Supreme Court Says Opposition to Discrimination Protected in Internal Investigation

Worker being interviewed The anti-retaliation provision in Title VII of the 1964 Civil Rights Act extends protection to an employee who speaks out about discrimination not on her own initiative, but in answering questions during an employer’s internal investigation, the U.S. Supreme Court rules.

The Court decision revives the retaliation claim of a 30-year employee who reported during an internal investigation of sexual harassment rumors that she had been sexually harassed by the subject of the investigation. The employee was subsequently terminated by the employer for embezzlement and she filed suit against the employer.

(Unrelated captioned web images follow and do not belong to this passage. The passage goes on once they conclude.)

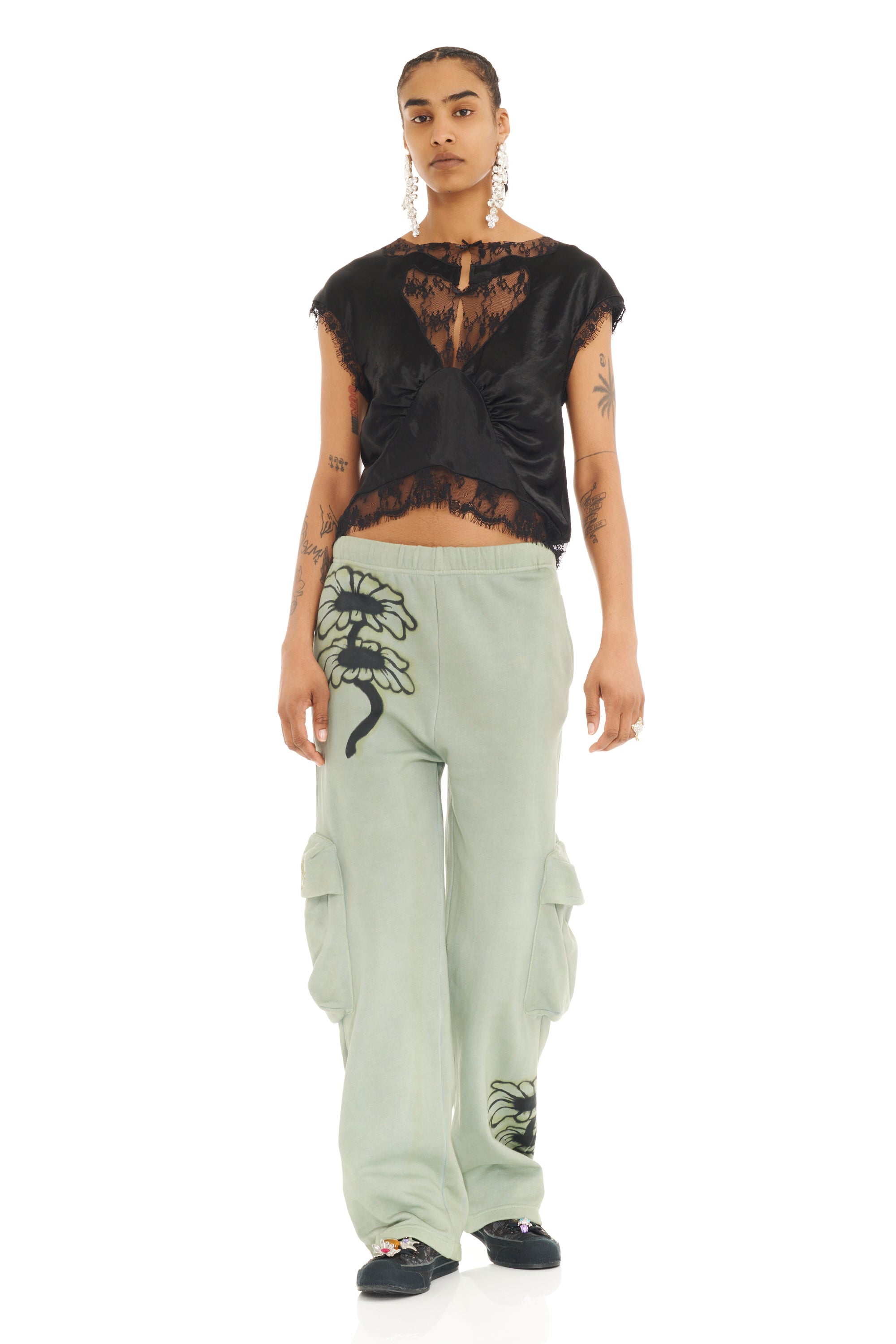OLIVE TWIN FLOWERS CARGO SWEATPANT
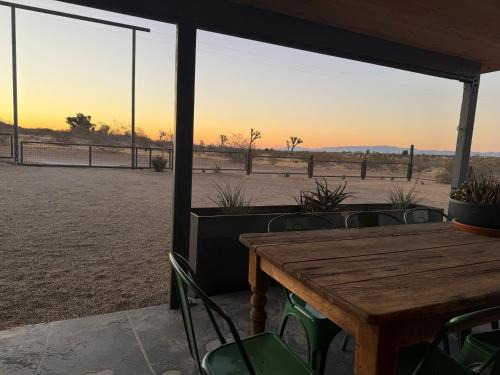 Landers House | Cozy Desert Haven - Joshua Tree views and Hot Tub
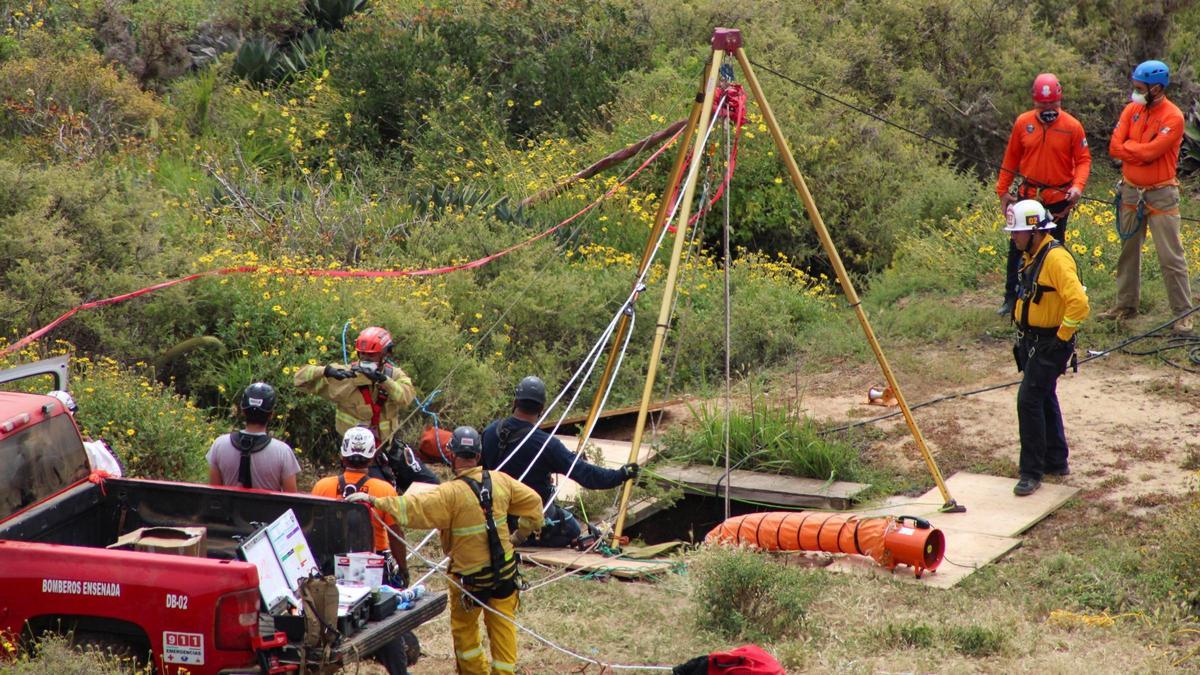 Miembros de un equipo de rescate trabajan en el sitio donde fueron encontrados tres cadáveres en el estado de Baja California donde un turista estadounidense y dos australianos fueron reportados como desaparecidos.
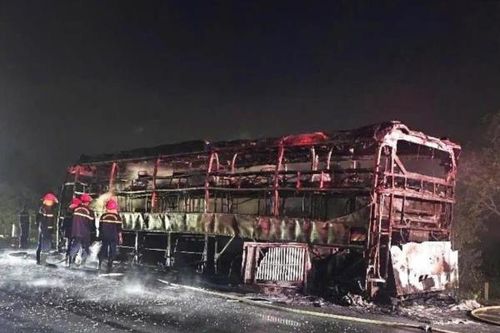 Cháy xe khách, hàng chục hành khách thoát nạn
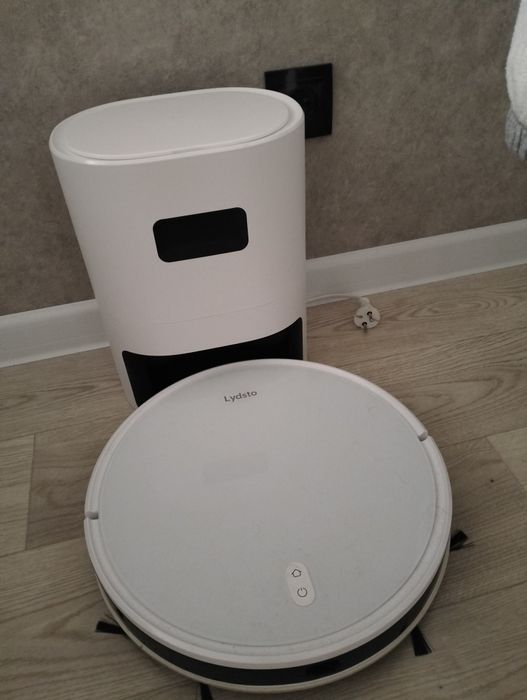 Робот пылесос lybstro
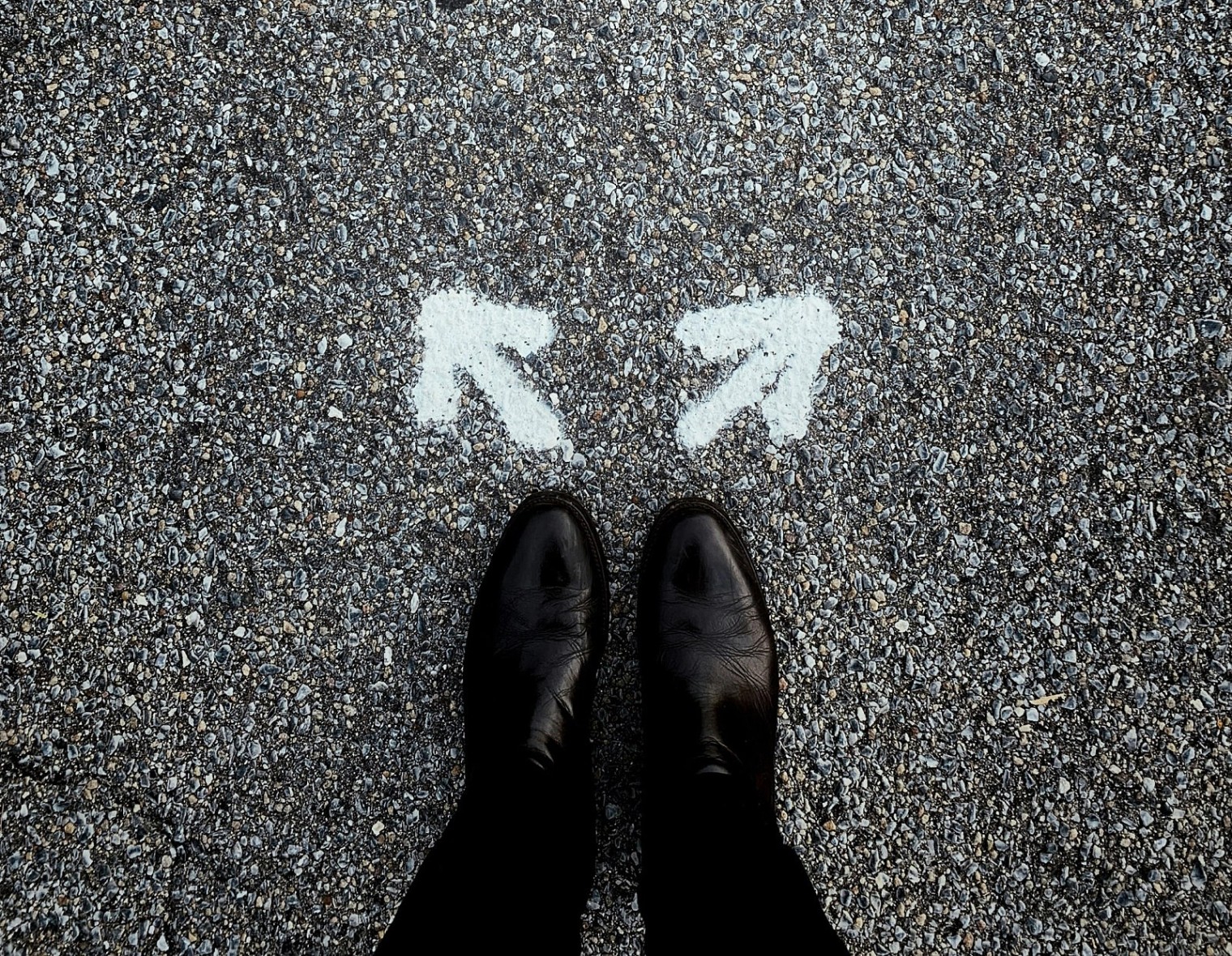 jon-tyson-PXB7yEM5LVs-unsplash.jpg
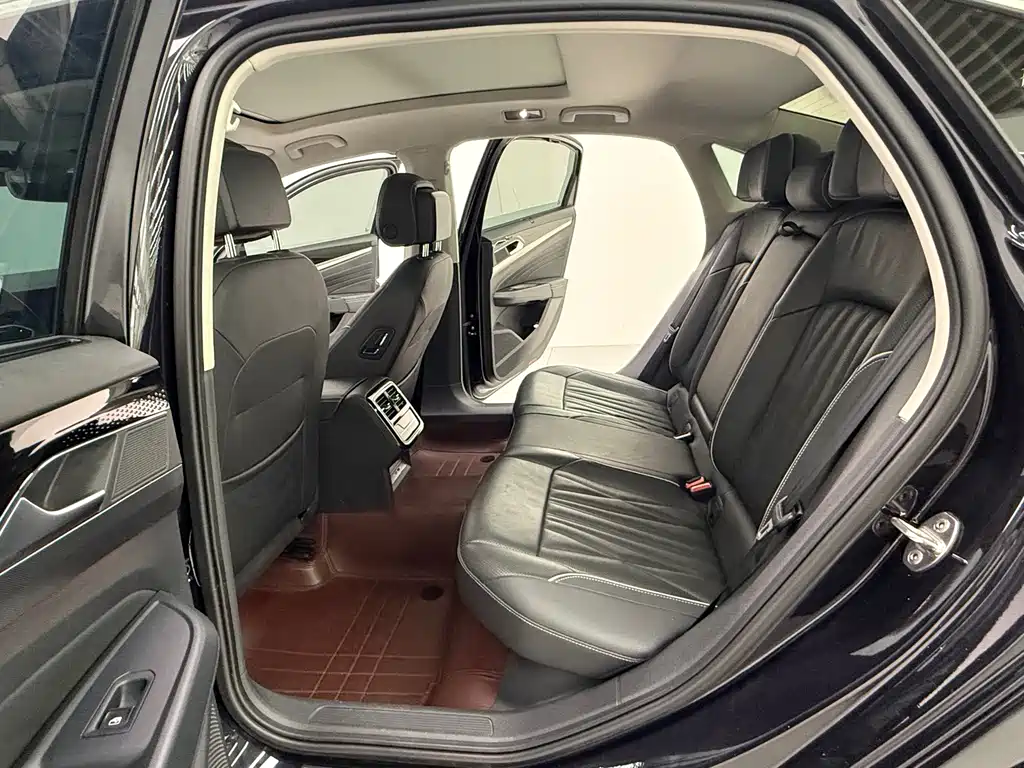 Volkswagen Passat — фото 14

A lower court and the Sixth Circuit had held that the retaliation provisions of Title VII did not apply, since she had not “instigated or initiated any complaint,” but had “merely answered questions by investigators in an already-pending internal investigation initiated by someone else.” Since there had been no Equal Employment Opportunity Commission charge pending at the time, the lower court concluded that her retaliation claim also failed under the participation clause, which Sixth Circuit precedent confined to protecting “‘an employee’s participation in an employer’s internal investigation . . . where that investigation occurs pursuant to a pending EEOC charge.’”

The Supreme Court rejects this view, holding that her statements in the investigation, a “disapproving account of [the accused’s] sexually obnoxious behavior toward her” was covered by the anti-retaliation prohibition on opposing illegal discrimination. “‘Oppose’ goes beyond ‘active, consistent’ behavior in ordinary discourse, and may be used to speak of someone who has taken no action at all to advance a position beyond disclosing it. Thus, a person can ‘oppose’ by responding to someone else’s questions just as surely as by provoking the discussion. Nothing in the statute requires a freakish rule protecting an employee who reports discrimination on her own initiative but not one who reports the same discrimination in the same words when asked a question,” says the Court. Crawford v. Metropolitan Government of Nashville.